How to find out if password of elastic user is already set or not

MartinG · November 10, 2020, 8:49am

Hi there,

I am building up Elasticsearch clusters automatically with Ansible and have a problem with the initial setting of the "elastic" user password.

As described in the documentation a initial and transient bootstrap password is used to set the password of built-in user "elastic":

When you install Elasticsearch, if the elastic user does not already have a password, it uses a default bootstrap password.
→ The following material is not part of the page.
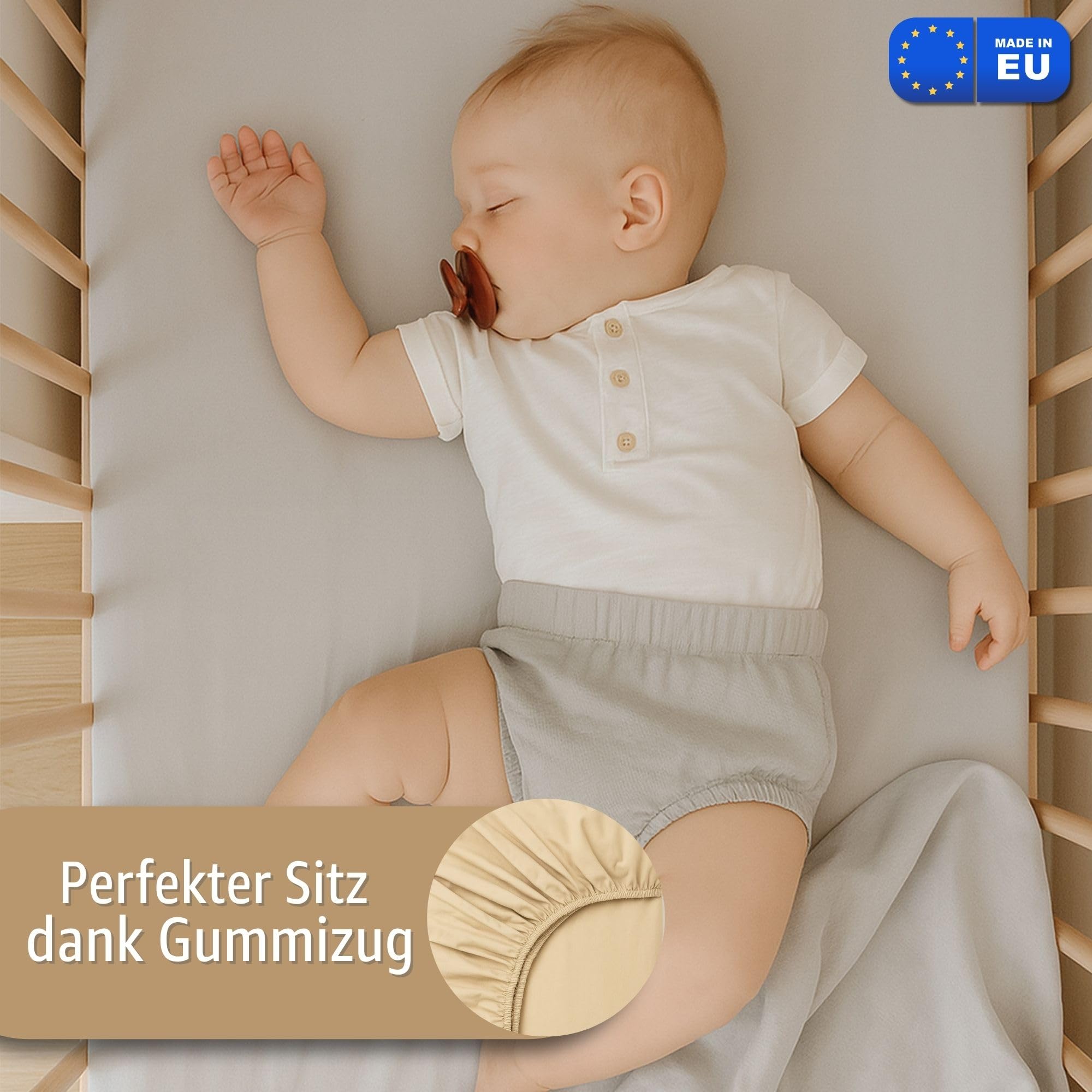 Lenzuola con angoli per passeggino: Set di 3: 75 x 35 cm - 2 lenzuola + 1 coprimaterasso impermeabile - Accessori per lettino per culla co-sleeping carrozzina Beige con stelle bianche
The bootstrap password is a transient password that enables you to run the tools that set all the built-in user passwords.

I execute the following steps to set the password:

printf "secret"|/usr/share/elasticsearch/bin/elasticsearch-keystore add -x "bootstrap.password"

Restart of the Elasticsearch node to make the bootstrap password active.

curl -k -u elastic:secret -XPUT https://localhost:9200/_security/user/elastic/_password -d '{ "password":"elastic" }' -H 'Content-Type: application/json'

My problem is, that this procedure should run only on one node to prevent errors, when one node tries to set the password while another node set it already.

It would help if I could check if the password is already set or not.

Can someone help?

Best regards,

Martin

ikakavas · November 20, 2020, 7:08am

Hi Martin,

There is no specific tooling we provide that solves your actual problem, I'm afraid. I think the best way to determine that is that since you know the bootstrap.password value, attempt to curl to https://localhost:9200/ with -uelastic:secret. If you get a 200 it means that the elastic password is not yet set by any other node, if you get a 401 it means that the elastic password is already set.

HTH

system · December 18, 2020, 7:08am

This topic was automatically closed 28 days after the last reply. New replies are no longer allowed.